- Activity -
Once the pictures are removed, restate the data below word for word.

- Stored data -
■ ■ ■ ■ ■ ■ ■

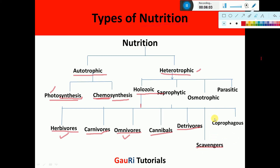The last type among holozoic mode are coprophagus. Copro refers to fecal matter, and phagus means eating. They feed on the feces of other organisms — like dung beetles, pigs, and in some cases rabbits, which sometimes feed on the waste matter of organisms. These are called coprophagus. These were the different types of holozoic mode of nutrition.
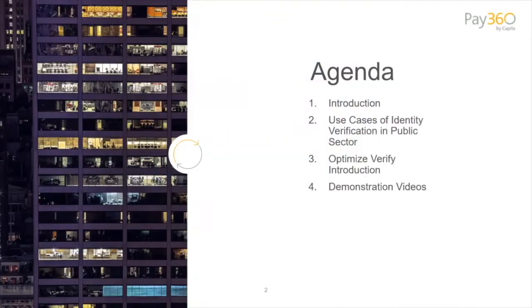Just a bit of housekeeping: this is a Teams Live Event. If you have any questions, wiggle your mouse and you'll see a Q&A box at the top. Questions can be asked at any time throughout the presentation, and we can run through some at the end or offline as well.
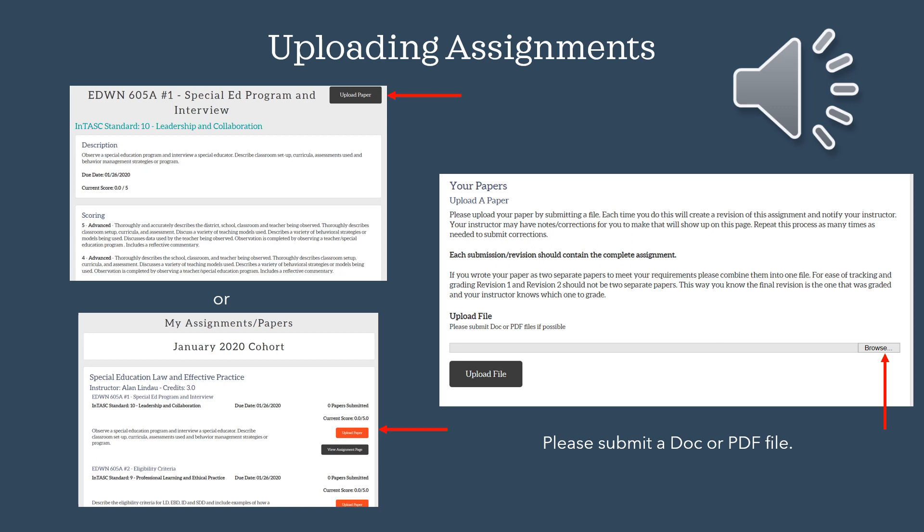You may also upload your assignment from the my assignments page list by clicking the orange upload paper button. This too will bring you to the browse screen to locate the saved paper and upload it. Please submit a DOC or PDF file.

■ ■ ■ ■ ■ ■ ■

- Your response -
The last type among holozoic mode are coprophagus. Copro refers to fecal matter, and phagus means eating. They feed on the feces of other organisms — like dung beetles, pigs, and in some cases rabbits, which sometimes feed on the waste matter of organisms. These are called coprophagus. These were the different types of holozoic mode of nutrition.
Just a bit of housekeeping: this is a Teams Live Event. If you have any questions, wiggle your mouse and you'll see a Q&A box at the top. Questions can be asked at any time throughout the presentation, and we can run through some at the end or offline as well.
You may also upload your assignment from the my assignments page list by clicking the orange upload paper button. This too will bring you to the browse screen to locate the saved paper and upload it. Please submit a DOC or PDF file.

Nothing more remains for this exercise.